Ben Voce-Gardner, director of the Office of Counter Terrorism for New York's Division of Homeland Security and Emergency Services, said that depending on the size of an entity, it can take a few days to a few weeks to fully implement CrowdStrike. Suffolk has some 10,000 desktops or endpoints.
Voce-Gardner said counties have signed up, but they were "not interested in doing a deployment until [the second quarter] of 2023 because 'we have this other contract that doesn't expire until then, and we're also doing this hardware refresh, so we just don't have the bandwidth to do it.' "
In Nassau, Boyle said CrowdStrike has been installed on all computers, and the district attorney and police department are working to install it on theirs as well.
Nassau has other levels of cybersecurity protection aside from a vendor it hired in December for assistance, he said. County officials have declined to identify the vendor's name or the cost of the service, citing fears of a possible attack.

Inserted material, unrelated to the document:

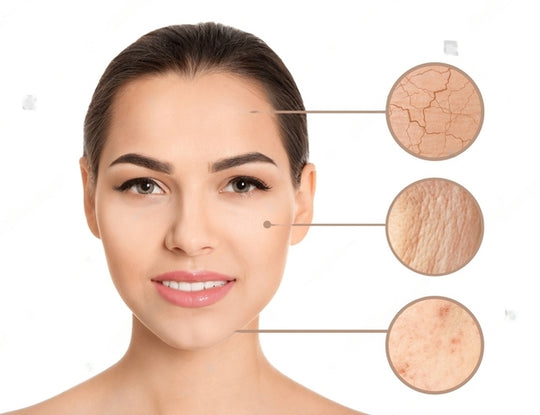 Everything You Need to Know About Different Skin Types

Voce-Gardner said his agency wants to see a statewide rollout of CrowdStrike, which "prevents an adversary from committing malicious acts" on computer systems. "It can detect and block it." The state is using the product, he said.
Counties that are using it are doing so to varying degrees, Voce-Gardner said, and it can be deployed on some while excluded from other systems. It also can work with existing endpoint protection software and services, such as the Cortex system that Suffolk has deployed through its Palo Alto Networks system.
"That's one of the reasons we like the product … is that a lot of counties are already using or were using some sort of endpoint protection or continuing to use it," Voce-Gardner said. "CrowdStrike can be used concurrently."
He wouldn't say whether CrowdStrike would have stopped Suffolk's ransomware attack, but noted, "We have faith in the CrowdStrike product … Effectively what it's doing is identifying suspicious behavior and alerting you to it, and going out and quarantining what is causing that suspicious behavior. It stops the suspicious behavior from extending behind where it is currently."
Guilfoyle said in a statement Tuesday evening that "CrowdStrike could not have been utilized in a time frame to have had an impact on the Sept. 8 cyberattack."
Voce-Gardner said at last count 47 counties have CrowdStrike in place, a number that doesn't include the five New York City counties because they already have CrowdStrike through the city.
James Yeager, vice president of public sector at CrowdStrike, did not answer questions about Suffolk's participation in the state's offer, but in a statement said the company's joint Security Operations Center with New York state is "moving forward and smoothly."
"At present, the vast majority of counties have opted into the program and have started onboarding," he said.